Because this is both about an over-identification with black men and an utter failure to see them as human beings and, for most white men of the era, it happened as they grew out of playing “Indian,” which means it happened at puberty. So, just imagine this–how you felt when you were 14, guys. And imagine you believe that you can know what it’s like to be someone (and this someone is someone who must at all times be deliberately performing a version of himself that he thinks is going to lead to the least trouble–and remember what trouble for a black man in the 1850s looked like, so he is motivated to not show you his fully human self) just by moving like him and singing like him and talking like him. While you’re in internal turmoil yourself.
See what a fuck this is? White men come to believe that black men are like white men imagined them to be when they (the white guys) were pretending to be them (the black guys) when they (the white guys definitely, the black guys probably) were teenagers. They thought their horsing-around-borrowing of mannerisms was insight. So, there’s a mistake that goes poorly for black men at the level of “I know what it’s like to be you, because I used to mock you (in both senses)” when, obviously, imitation doesn’t have to have anything to do with giving one real knowledge of the source (In other words, I can swivel my hips all “Sweet Child o’ Mine” but doing so doesn’t tell me what it’s like to be Axl Rose.).

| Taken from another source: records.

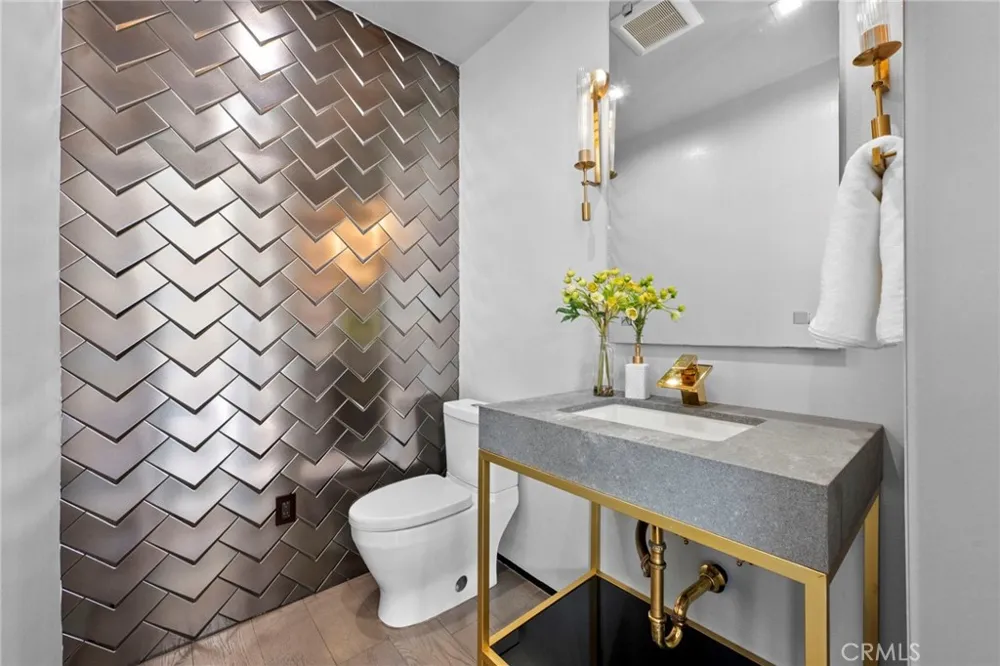 2033 Glencoe Way Los Angeles, CA 90068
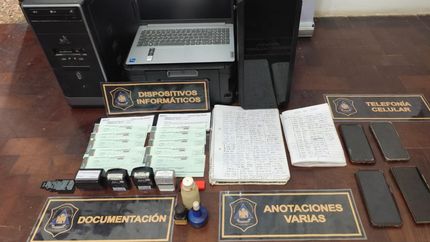 Diario La Unión | Elementos incautados a la banda de estafadores.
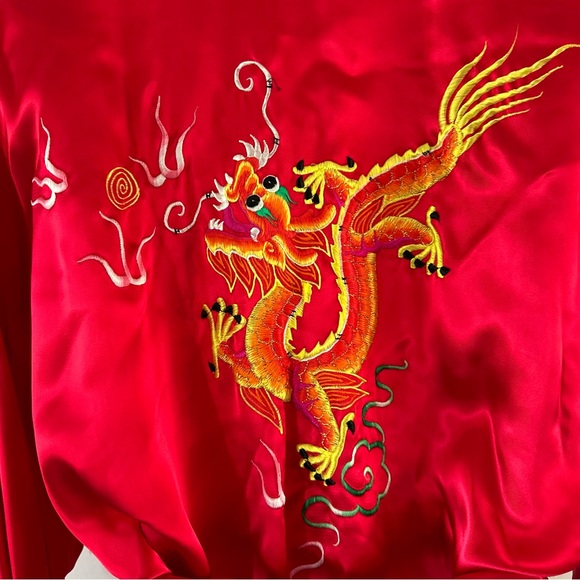 Elegant Red Satin Robe - Picture 10 of 10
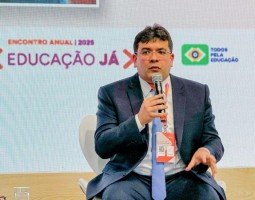 Rafael Fonteles apresenta app inovador do Piauí para a primeira infância em evento nacional de educação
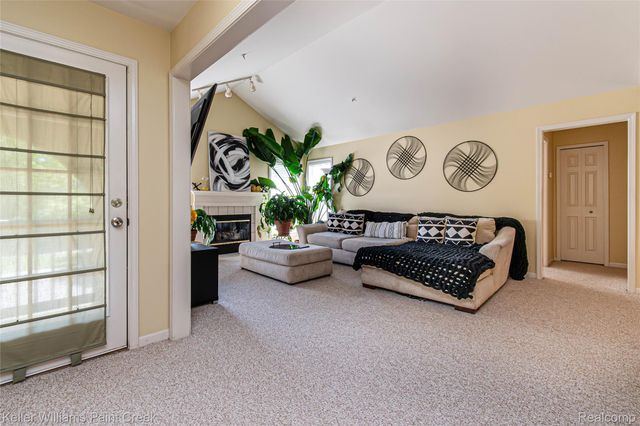 28569 Carlton Way Drive, Novi, MI 48377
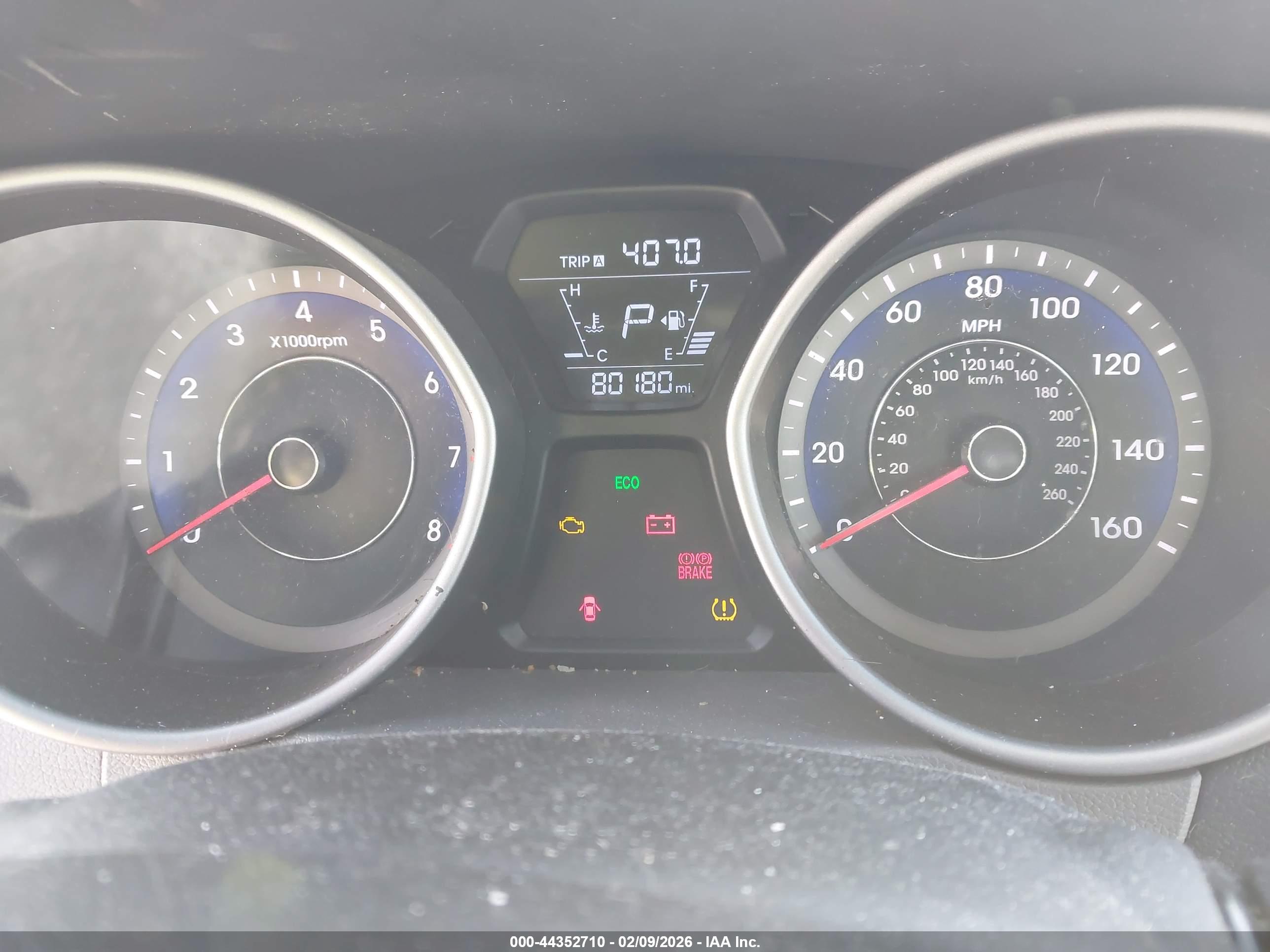 HYUNDAI ELANTRA image 7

But there’s a mistake that goes poorly for black men at a deeper level of “I know what it’s like to be you, because I used to be you, when I was going through puberty.” I mean, look at our society’s stereotypes–even now–of black men: lazy, violent, hypersexual, impulsive, etc. Look at white men’s historical fears of black men–all tied up in sexuality and whether black men were going to want white women. It all has the threat of the teenager behind it (at a time when teenagers weren’t even really a thing).
Black men in our culture forever held accountable for white men’s teenage fantasies of being black, mistaken for truth–accountable for the things a white man would do if not bound by the constraints of white society.
4. It’s hard to explain, exactly, but to me this makes sense of why white audiences loved white black-face minstrelsy–and it is probably partially why we white people loved Elvis and the Stones and Zeppelin. Because it gave us a part of a world we didn’t really want to be a part of in a form that let us love it unreservedly. Because our veneer is on it.
Like maybe it lets us be in the know without having to participate, thanks to these guys who do occasionally touristly participate. But since it has so little to do with the actual people we strive to know, they have to be kept hidden so that we never have to know we don’t know them.